The latest example listing I can find is: http://www.boost.org/doc/libs/1_54_0/doc/html/boost_asio/tutorial/tutdaytime3/src.html

The problem I have with this example listing is that (I feel) it cheats and it cheats big, by making the tcp_connection a shared_ptr, such that it doesn't worry about the lifetime management of each connection. (I think) They do this for brevity, since it is a small tutorial, but that solution is not real world.

What if you wanted to send a message to each client on a timer, or something similar? A collection of client connections is going to be necessary in any real world non-trivial server.

I am worried about the lifetime management of each connection. I figure the natural thing to do would be to keep some collection of tcp_connection objects or pointers to them inside tcp_server. Adding to that collection from the OnConnect callback and removing from that collection OnDisconnect.
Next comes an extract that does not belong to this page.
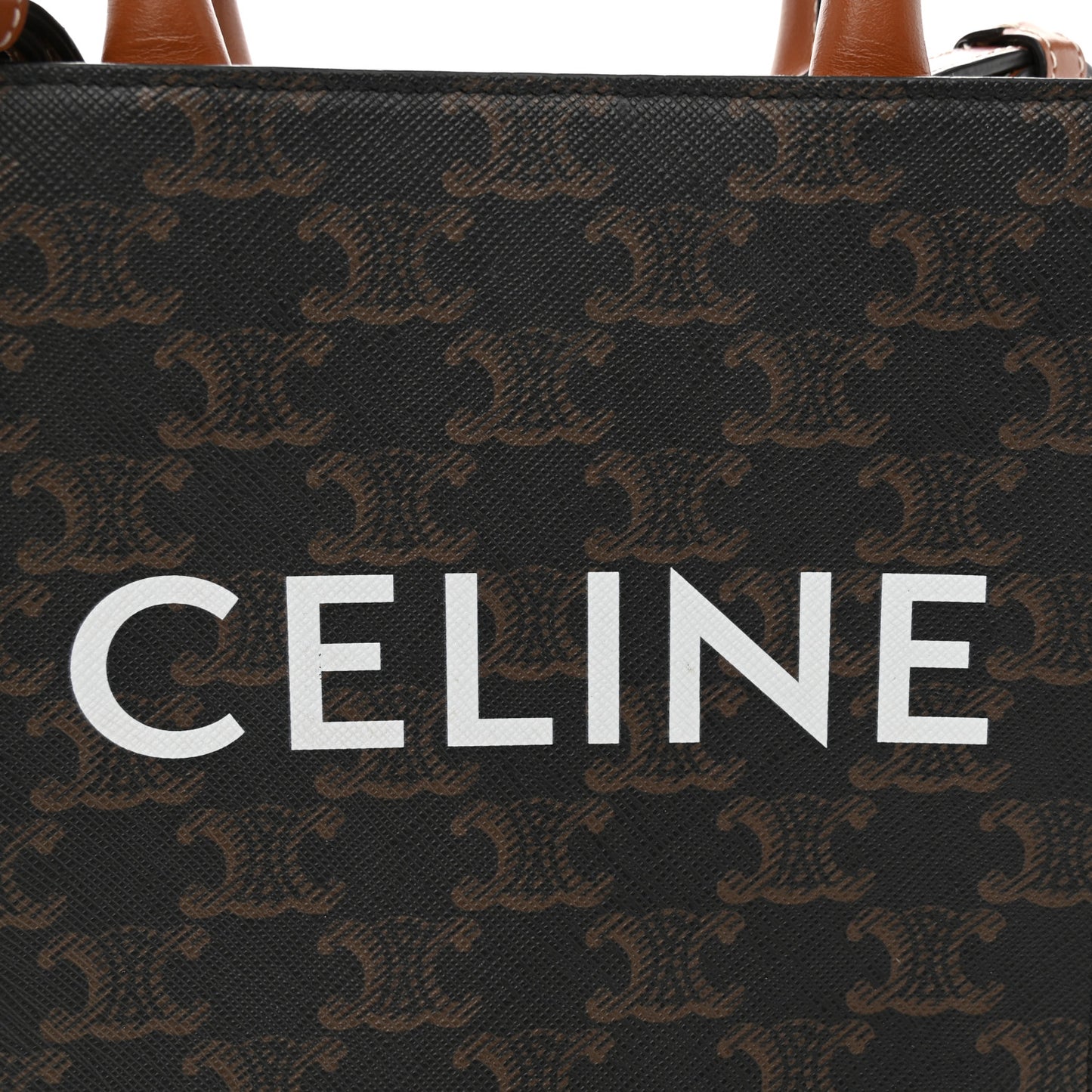 Triomphe Canvas Calfskin Mini Vertical Cabas Tan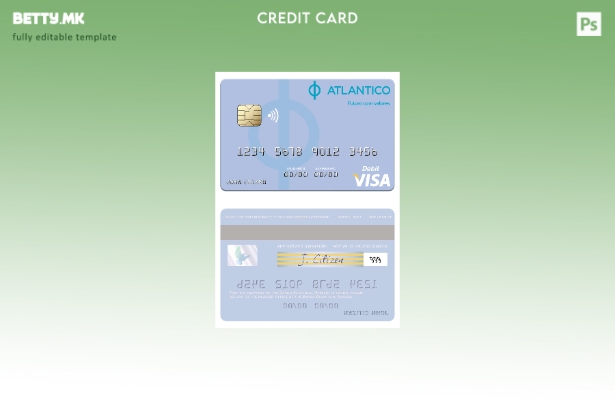 Шаблон за дебитна картичка за виза на Namibia Banco Atlantico во модерен стил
Note that OnDisconnect would most likely be called from an actual Disconnect method, which in turn would be called from OnReceive callback or OnSend callback, in the case of an error.

Well, therein lies the problem.

Consider we'd have a callstack that looked something like this:

tcp_connection::~tcp_connection
tcp_server::OnDisconnect
tcp_connection::OnDisconnect
tcp_connection::Disconnect
tcp_connection::OnReceive

This would cause errors as the call stack unwinds and we are executing code in a object that has had its destructor called...I think, right?

I imagine everyone doing server programming comes across this scenario in some fashion. What is a strategy for handling it?

I hope the explanation is good enough to follow. If not let me know and I will create my own source listing, but it will be very large.


Edit: Related

) Memory management in asynchronous C++ code

IMO not an acceptable answer, relies on cheating with shared_ptr outstanding on receive calls and nothing more, and is not real world. what if the server wanted to say "Hi" to all clients every 5 minutes. A collection of some kind is necessary. What if you are calling io_service.run on multiple threads?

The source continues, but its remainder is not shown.